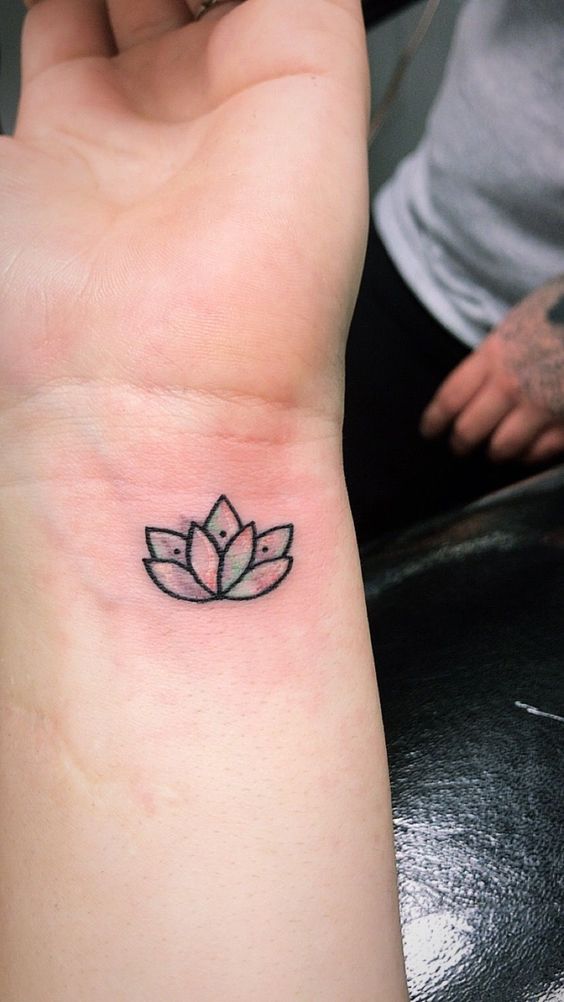 tatto hoa sen mini đơn giản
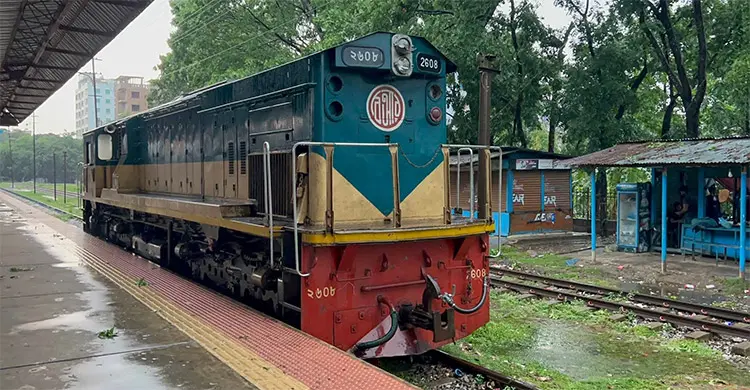 ইঞ্জিনে ক্রুটি, সাড়ে ৫ ঘণ্টা পর ফেনী ছাড়লো চট্টলা এক্সপ্রেস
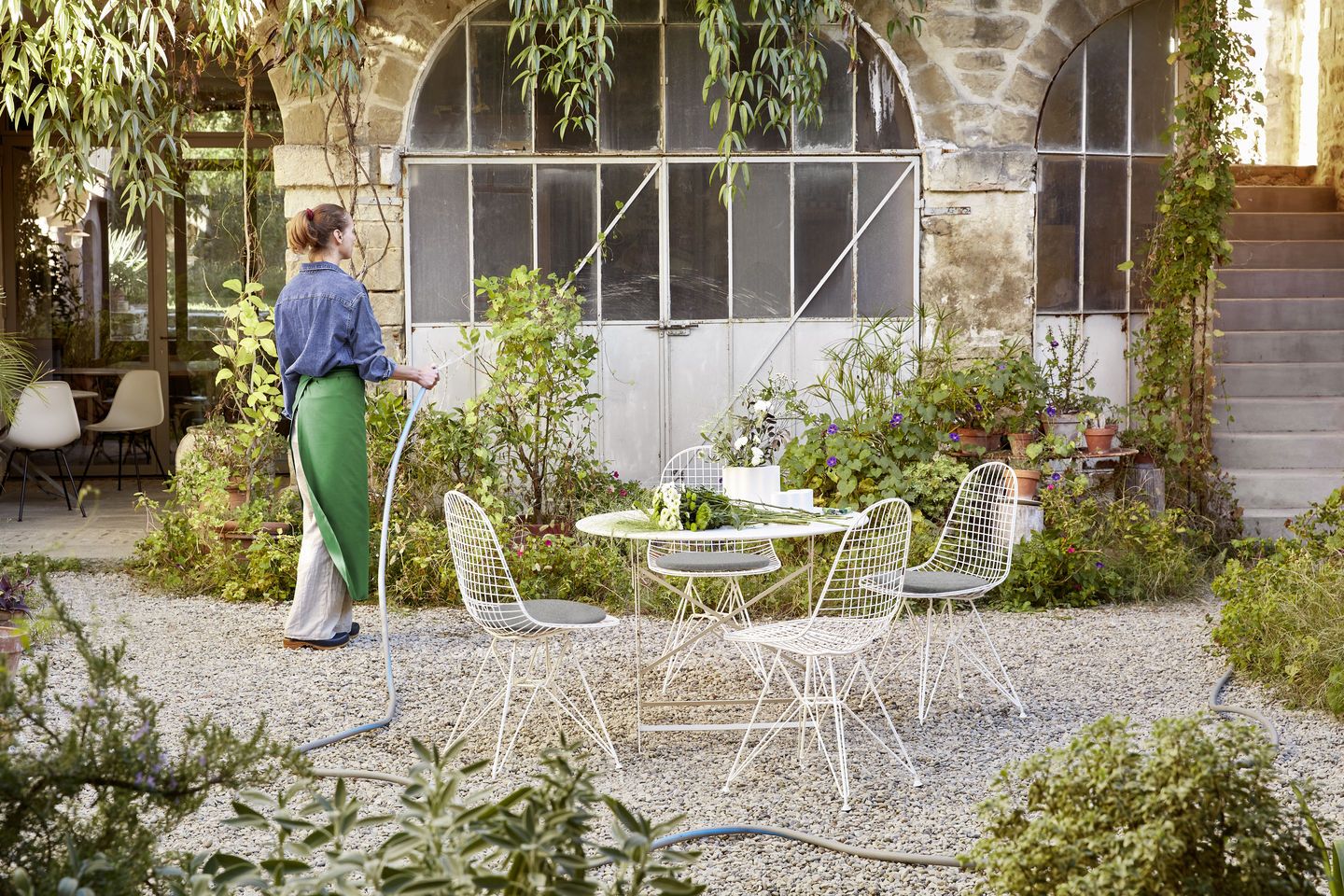 DKR-5 Wire Chair Chair with Seat Cushion Vitra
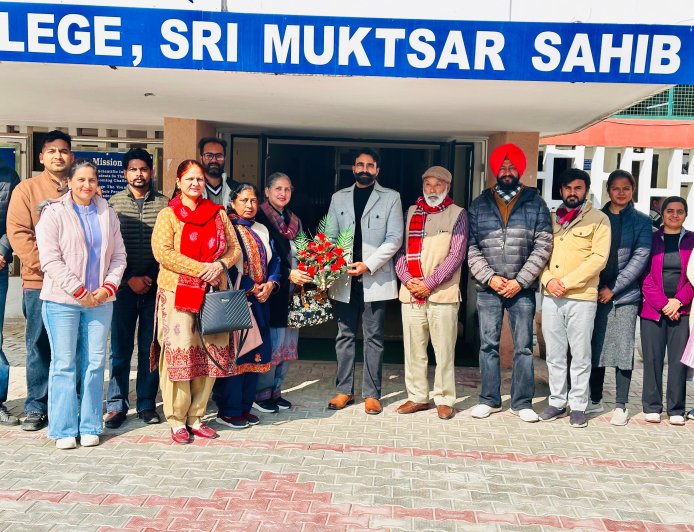 ਸ੍ਰੀਮਤੀ ਪ੍ਰੋ. ਮੰਜੂ ਕਪੂਰ ਨੇ ਸਰਕਾਰੀ ਕਾਲਜ ਸ਼੍ਰੀ ਮੁਕਤਸਰ ਸਾਹਿਬ ਦੇ ਪ੍ਰਿੰਸੀਪਲ ਵਜੋਂ ਸੰਭਾਲਿਆ ਕਾਰਜਭਾਰ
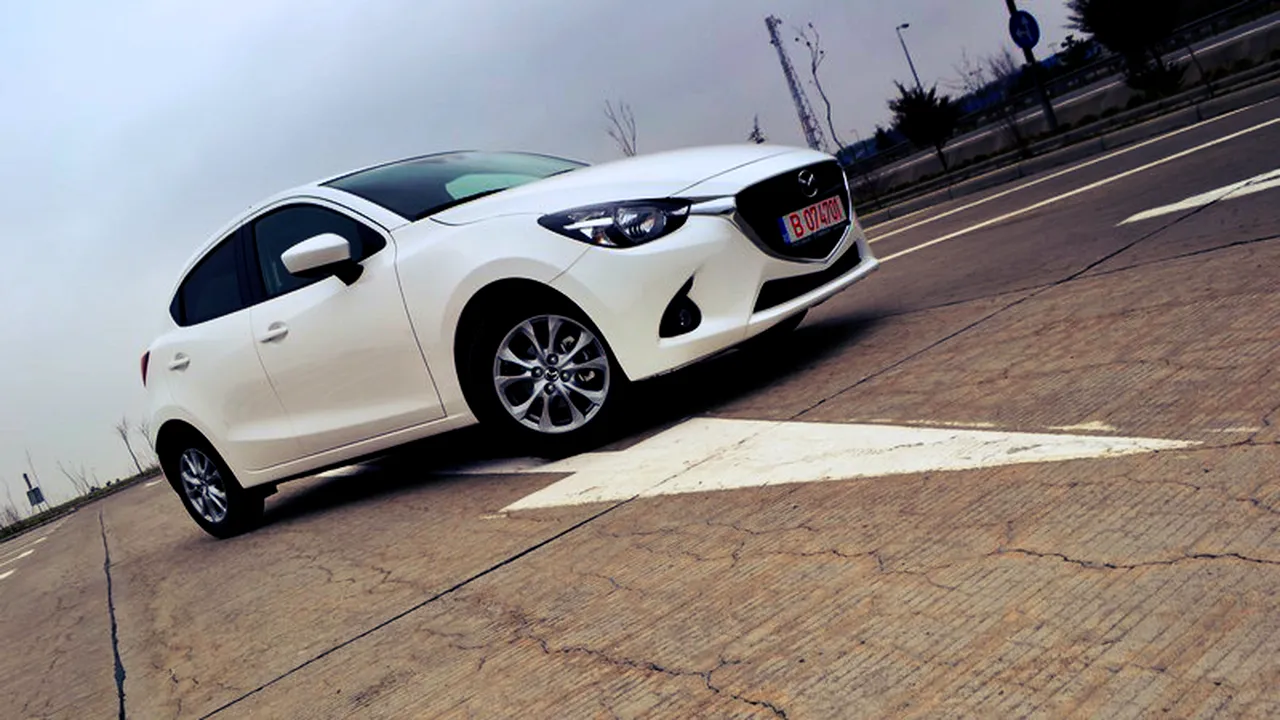 1-mazda2-01 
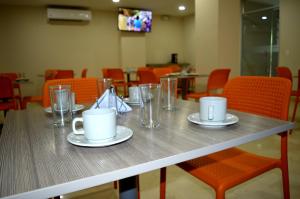 una mesa con copas y vasos encima en Sol Caribe Hotel, en Soledad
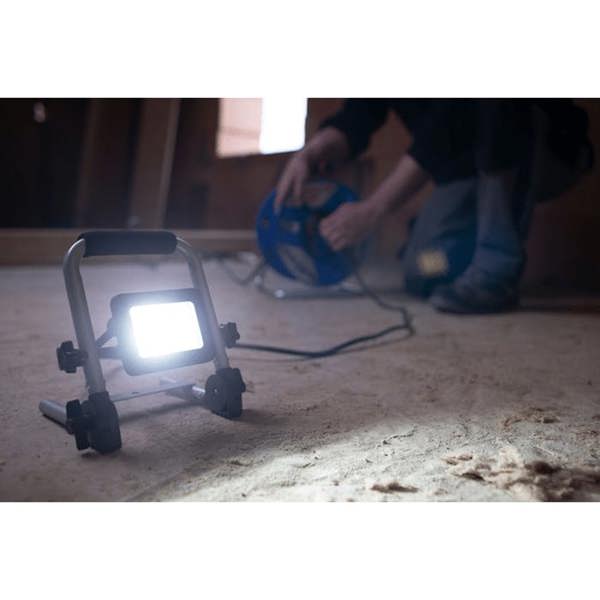 Brennenstuhl Work Light Portable Floodlight Lightweight & Foldable - Indoor or Outdoor Light - 900 Lumen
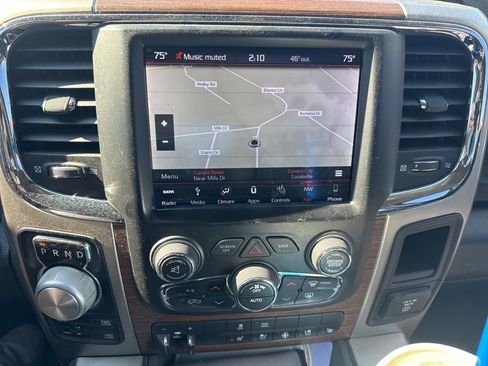 Used 2018 RAM 1500 Laramie w/ Convenience Group image 17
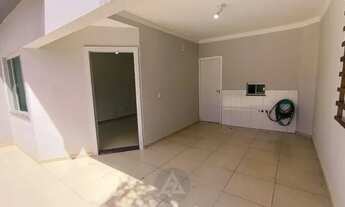 Imagem 2: Sobrado 4 dormitórios à venda bairro Alto Alegre, Cascavel/PR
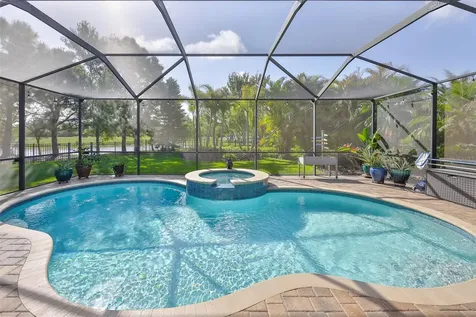 6707 Park Strand Drive Apollo Beach FL 33572
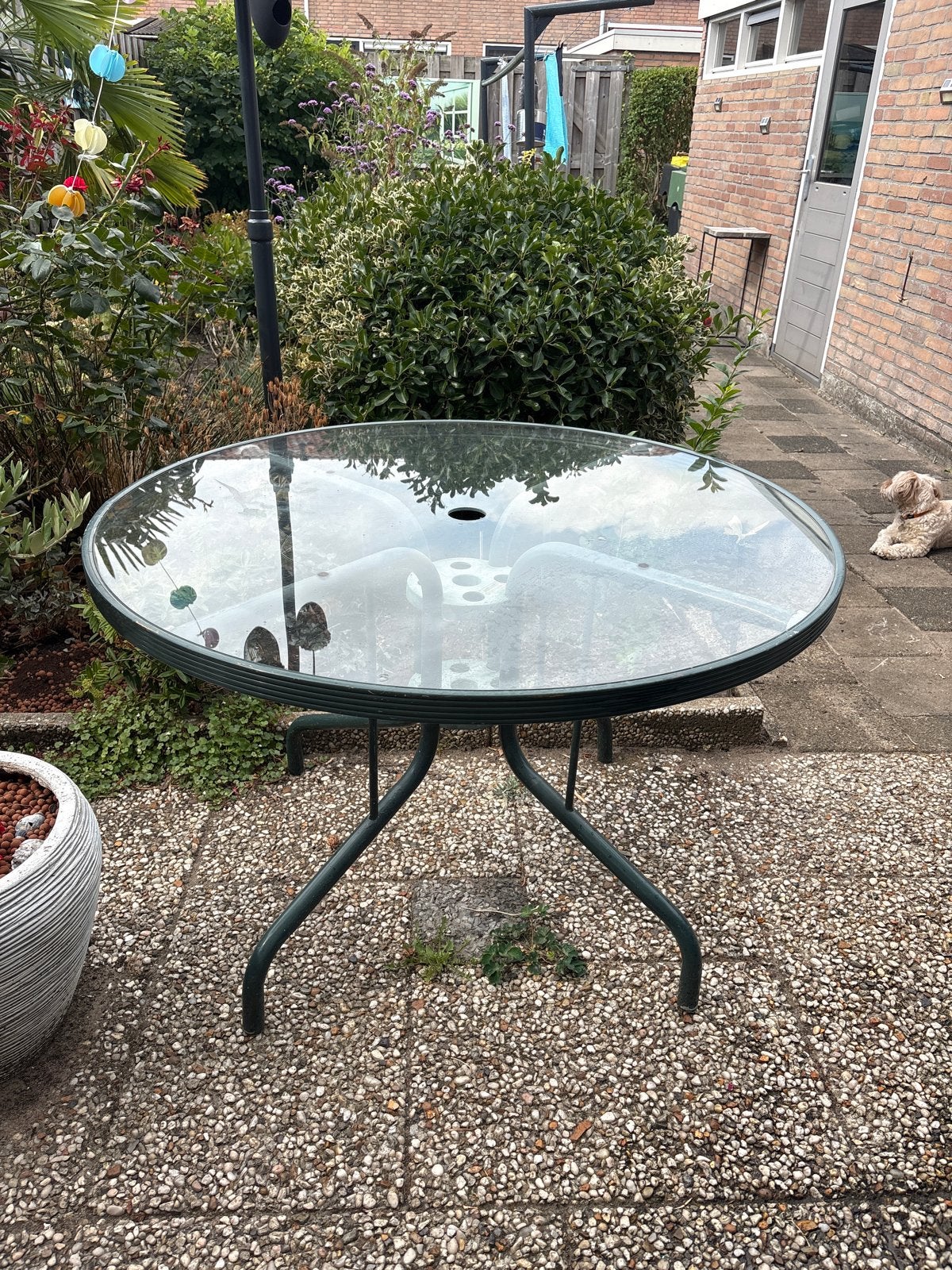 Ronde tuintafel met glazen blad, Ophalen, Gebruikt, Rond, Metaal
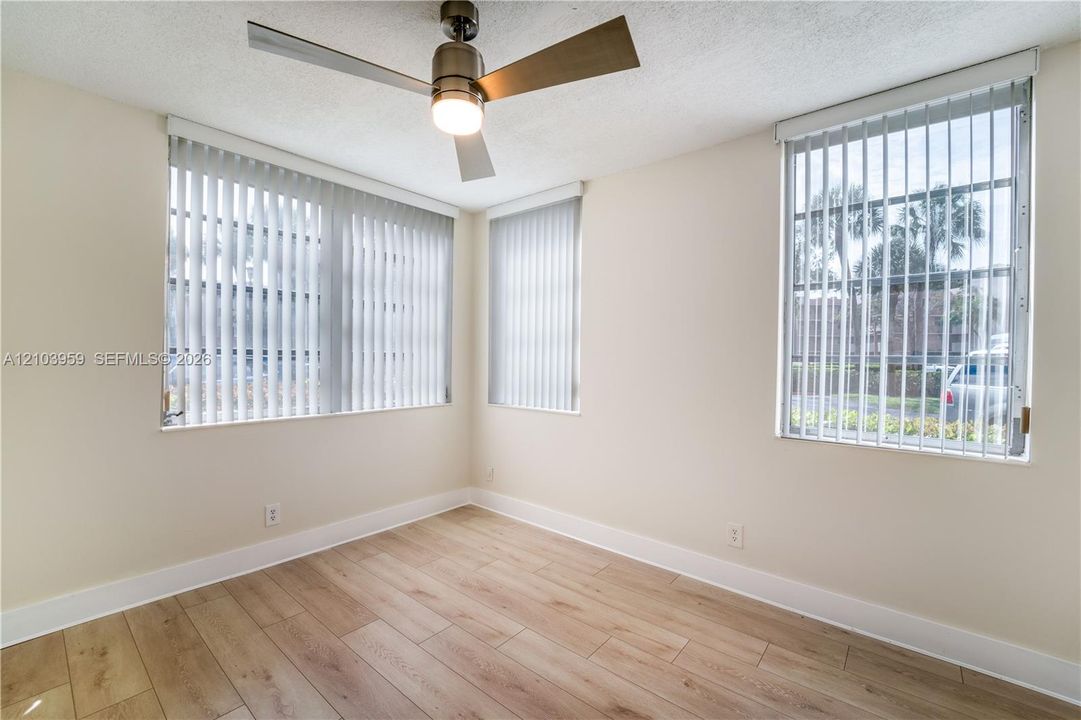For Rent: $2,500 (3 beds, 2 baths, 1155 Square Feet)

....................

Work instructions => Begin at the line containing "Brennenstuhl Work Light" and stop at the last line of the data. Repeat only those lines, exactly, and leave out the pictures.

Task output =>
 Brennenstuhl Work Light Portable Floodlight Lightweight & Foldable - Indoor or Outdoor Light - 900 Lumen
 Used 2018 RAM 1500 Laramie w/ Convenience Group image 17
 Imagem 2: Sobrado 4 dormitórios à venda bairro Alto Alegre, Cascavel/PR
 6707 Park Strand Drive Apollo Beach FL 33572
 Ronde tuintafel met glazen blad, Ophalen, Gebruikt, Rond, Metaal
For Rent: $2,500 (3 beds, 2 baths, 1155 Square Feet)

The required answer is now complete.